Section Five - Emotional/Spiritual/Religious Care

1. Who can I talk to about emotional, spiritual or other concerns?

The most important thing is that you do talk.  Serious or terminal illness can be a very isolating and alienating experience.   The temptation may be to turn in on yourself, limiting those important human and social contacts that will actually be a source of strength.  This is a time to reach out to family and friends, colleagues and neighbours and fellow parishioners.  In some cases, the help of physicians or trained counsellors may be called for.  But often, what is needed most is a friendly and listening ear.  For spiritual support, contact your pastor or lay parish minister at your parish.  They may be able to put you in touch with other supportive people and groups in your faith community; a parish nurse, Ministers of Communion to the sick or home visitors. 

 2. What Sacraments could assist me on this journey?

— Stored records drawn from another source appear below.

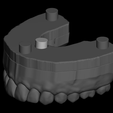 Captura de Pantalla 2020-04-02 a la(s) 19.23.51.png Dental Model with detachable teeth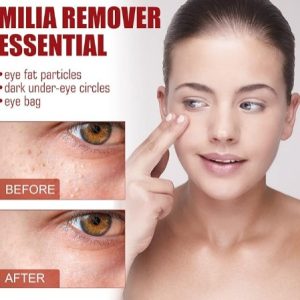 Smooth Milia Remover Serum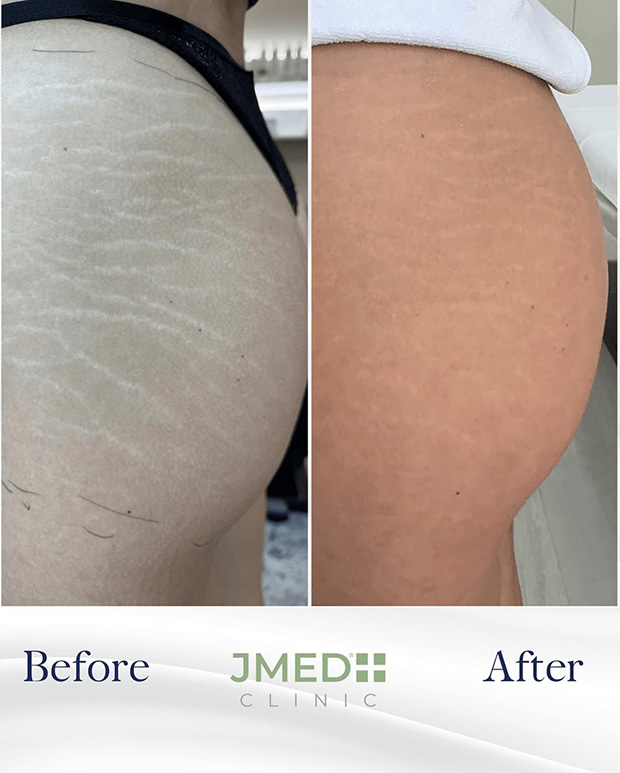 Stretch Mark Removal For Women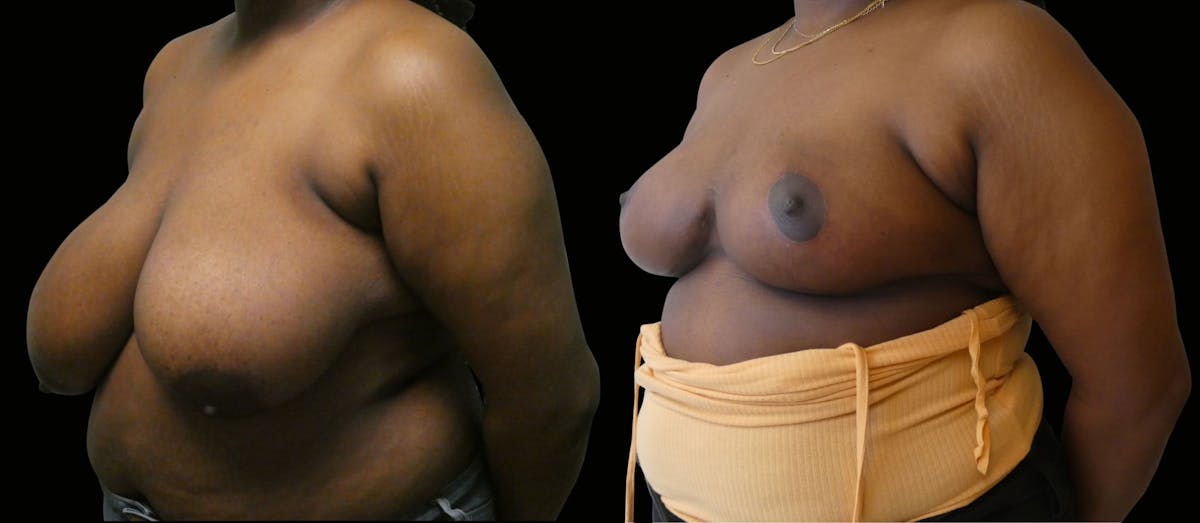 Breast Reduction Before & After Gallery - Patient 301547 - Image 2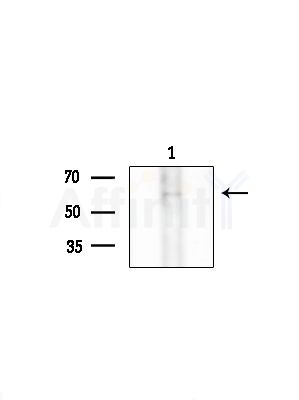 Phospho-Caspase 8 (Ser347) Antibody - Western blot analysis of extracts from COLO205 cells, using Phospho-Caspase 8 (Ser347) Antibody at 1/1000 dilution.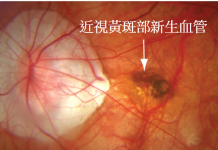視界雲霧再現? 成年後近視度數居然逆襲眼睛健康何去何從? 圖/台北市政府提供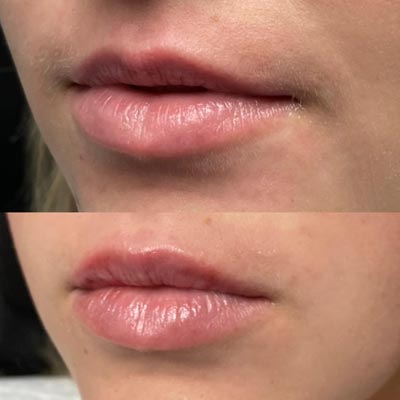 Before and After Images of Clients at True Medical Aesthetics in Avon, CT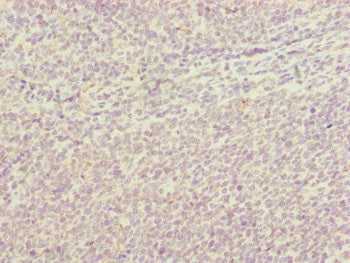 Immunohistochemistry of paraffin-embedded human tonsil tissue using HAUS8 Antibody at dilution of 1:100Rabbit anti-Human HAUS8 Polyclonal Antibody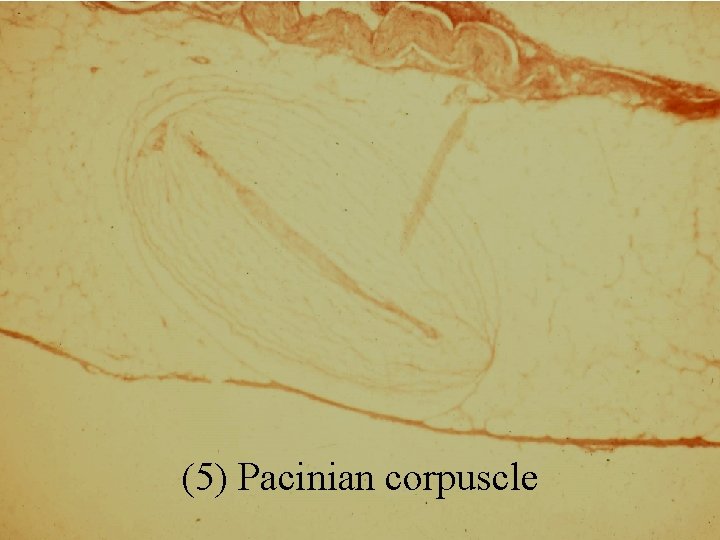 (5) Pacinian corpuscle 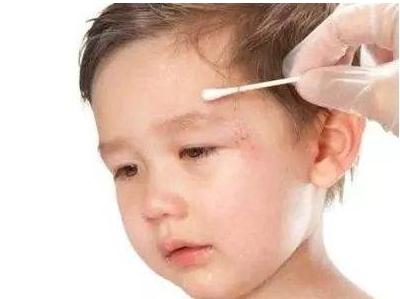 宝宝不小心磕碰受伤，伤口这样处理，才能防感染，少受罪，不留疤
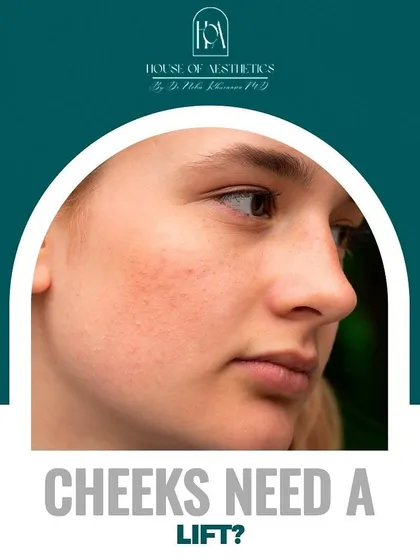 Do your cheeks need a lift? As we age, we lose volume in the mid-face. Cheek fillers can restore that youthful contour, providing a subtle lift to the entire face.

The Holy Eucharist draws us into union with Jesus through the reception of his body and blood.   As food for our souls, it is a means of grace and strength to those suffering the pain and isolation of serious illness.  Moreover, the Eucharist draws us into closer communion with the members of Christ’s body, the Church.   The Sacrament of Reconciliation (Confession) is also an important means of grace, bestowing pardon and peace and giving us the firm assurance that our sins have been forgiven.  From the earliest days, the Church has celebrated the Anointing of the Sick for those suffering from illness and serious injury, commending the sick person to the Lord Jesus that he may save them and raise them up. This sacrament bestows the grace of the Holy Spirit upon a person, helping them to trust in God, to be strong in the face of temptation and resistant to fear and anxiety. 

3. Is there a difference between Last Rites and Anointing of the Sick?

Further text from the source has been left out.